Re: Are you using a buffer on your pedal board? Is so, which one?
I am adding a quality JHS splitter buffer on the front to get away from the EH buffer in the Mel9 which is not that great. I run dual rigs and right now splitting out of the Mel9 with its buffered outs is not ideal for me. I use a Radial PB1 buffer right before my Radial ABY which is after the Mel9 so I can mute it out completely. The PB also provides a slight class A clean boost on the Mel9 if needed, it is also close to an end of chain send buffer that also makes the ABY work properly. The rest are bypass until you get to my rack gear. Having gone through tons of pedals and various size boards through the years I am not a fan of not so great buffered circuit pedals like Boss and so on.
It's a matter of taste and what you like much less what you hear, or do not hear for that matter. A series of cascading buffers does a number on the guitars natural dynamics and pure tone, it just does.
About 20mins into this between Brian Wampler and another builder they discuss the issues of buffers and how not so good quality buffers can cause you to lose 1% of your tone quality per pedal. Too many buffers are a problem not easily solved without using bypass loopers to get them out of the chain. They agree having 5 cascading lesser grade buffer pedals which amounts to 2 per pedal can take 10% of your tone.
https://www.youtube.com/watch?v=1iN4FFUrUgw
A chain of cascading buffers is sort of like picturing if you ran your signal through a chain of light compressors one after the other, the guitar will lose all sense of of its natural dynamics and sound.
As always if you cannot hear a problem then there isn't one.
It's all rather objective really, if you have a very bright sounding guitar that is pretty tinny then you might actually like some of the high end loss but along with that comes a muddier low end and that sort of percussive compressor like thing from too many buffers or a really bad one.
Just one good quality buffer renders any number of true bypass following it virtually invisible to any loading effect or cap loss. When you start having a bunch it can become a problem. Witness the spawn of the true bypass pedal age, it came about from pedals having crappy buffer bypass which was called "tone sucking", when high end quality buffers came along that issue went away. The thing about good buffers is also the increased headroom and bandwidth, I like Radial's PB1 and Elevator buffer/boosts as they have an adjustment to bring down the wide open 1M ohm sensitivity to where you like it but still providing you a class A driver buffer.
Ideal config is a good quality buffer upfront followed by bypass pedals and if you have fairly long cable runs back to your amp, a final stage buffer to drive the cables.
Someone once said a good test is plug your guitar straight into the amp, then into your pedal chain, note the differences in the sound clarity and headroom.

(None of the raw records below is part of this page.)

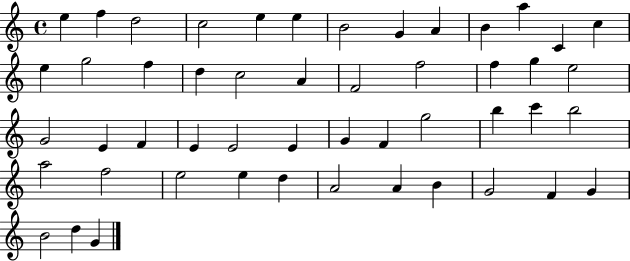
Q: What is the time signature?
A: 4/4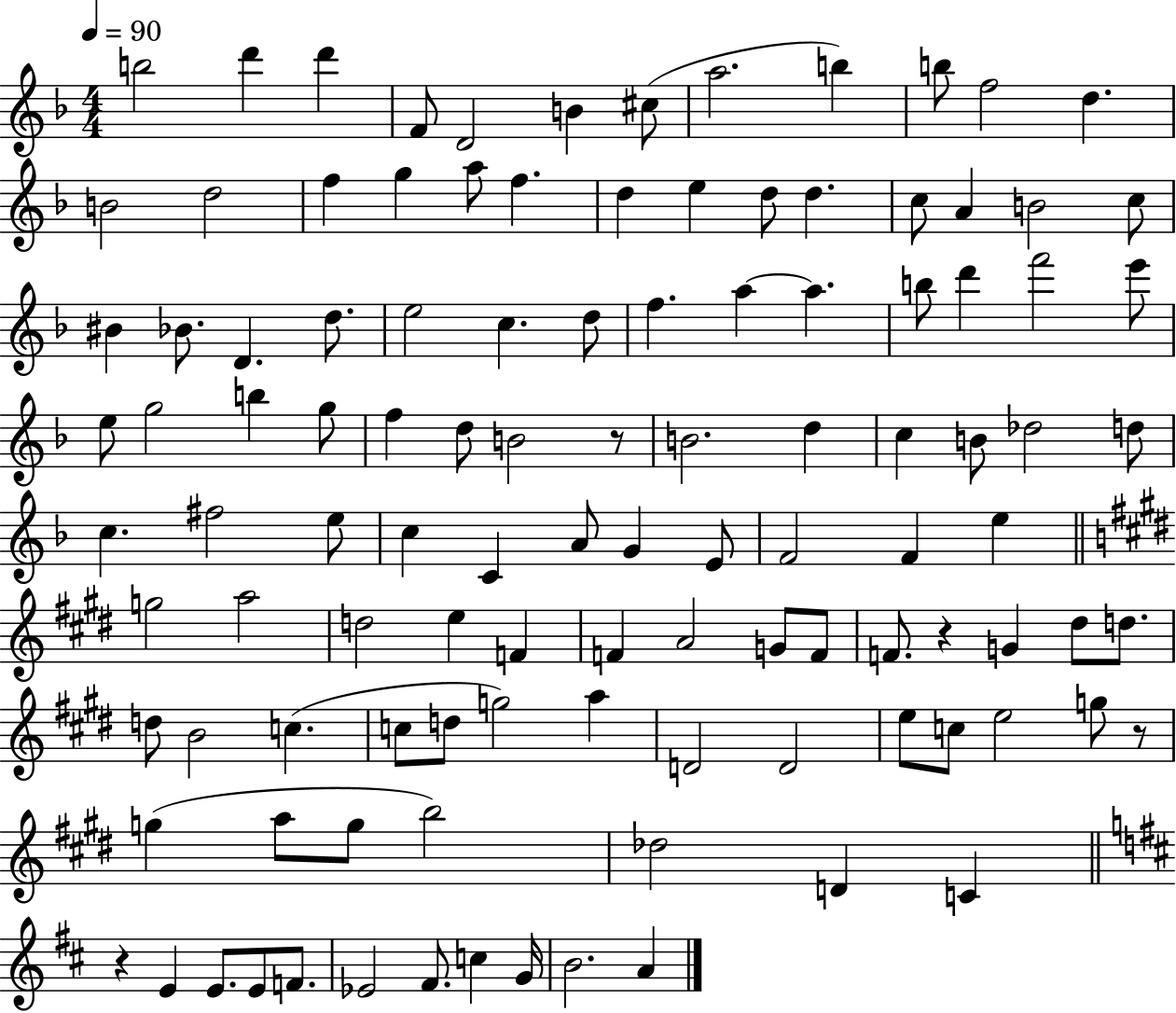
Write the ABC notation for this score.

X:1
T:Untitled
M:4/4
L:1/4
K:F
b2 d' d' F/2 D2 B ^c/2 a2 b b/2 f2 d B2 d2 f g a/2 f d e d/2 d c/2 A B2 c/2 ^B _B/2 D d/2 e2 c d/2 f a a b/2 d' f'2 e'/2 e/2 g2 b g/2 f d/2 B2 z/2 B2 d c B/2 _d2 d/2 c ^f2 e/2 c C A/2 G E/2 F2 F e g2 a2 d2 e F F A2 G/2 F/2 F/2 z G ^d/2 d/2 d/2 B2 c c/2 d/2 g2 a D2 D2 e/2 c/2 e2 g/2 z/2 g a/2 g/2 b2 _d2 D C z E E/2 E/2 F/2 _E2 ^F/2 c G/4 B2 A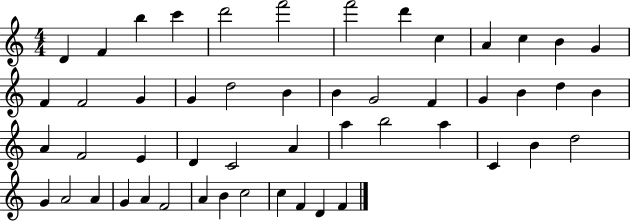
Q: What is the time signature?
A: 4/4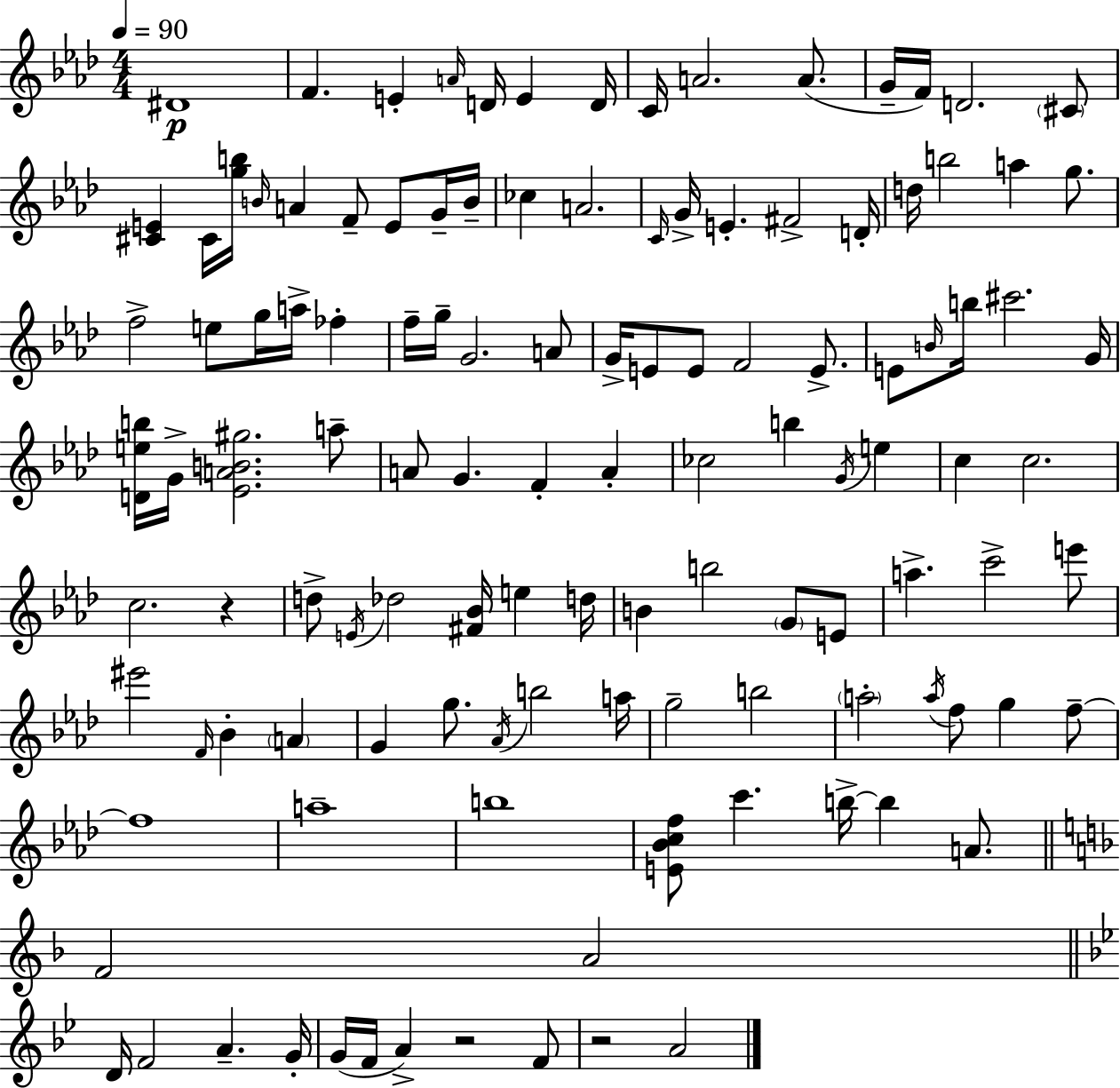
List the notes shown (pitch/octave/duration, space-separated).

A well config pedal chain will sound very much the same as if you were plugged right into the amp. If you do not hear any issues of high end loss or odd sounding low end including that compressive attack thing then you are probably OK. In all cases at various stages of our ever growing and changing gear development, you use what you have and you use what you like. Almost invariably at some point one gets tired of their same old pedal and gear chain and want some new or possibly better quality ones.
Speaking of the cat using an Archer as a buffer, I think those are reasonably pretty good and do the deal. One of the best sounding chains I had going last year had a Klon buffer front and end w bypass in the middle, was pretty cool. A Klon circuit does well before and after various drives and whatnot. We cannot always have the perfect config or choice of pedals and whether they are buffered or bypass especially if we like and want that particular pedal. So having maybe a buffer in the middle of the chain works fine. One should try not to get an entire chain of buffer circuit pedals going if you can help it or maybe loop them out with some bypass switchers.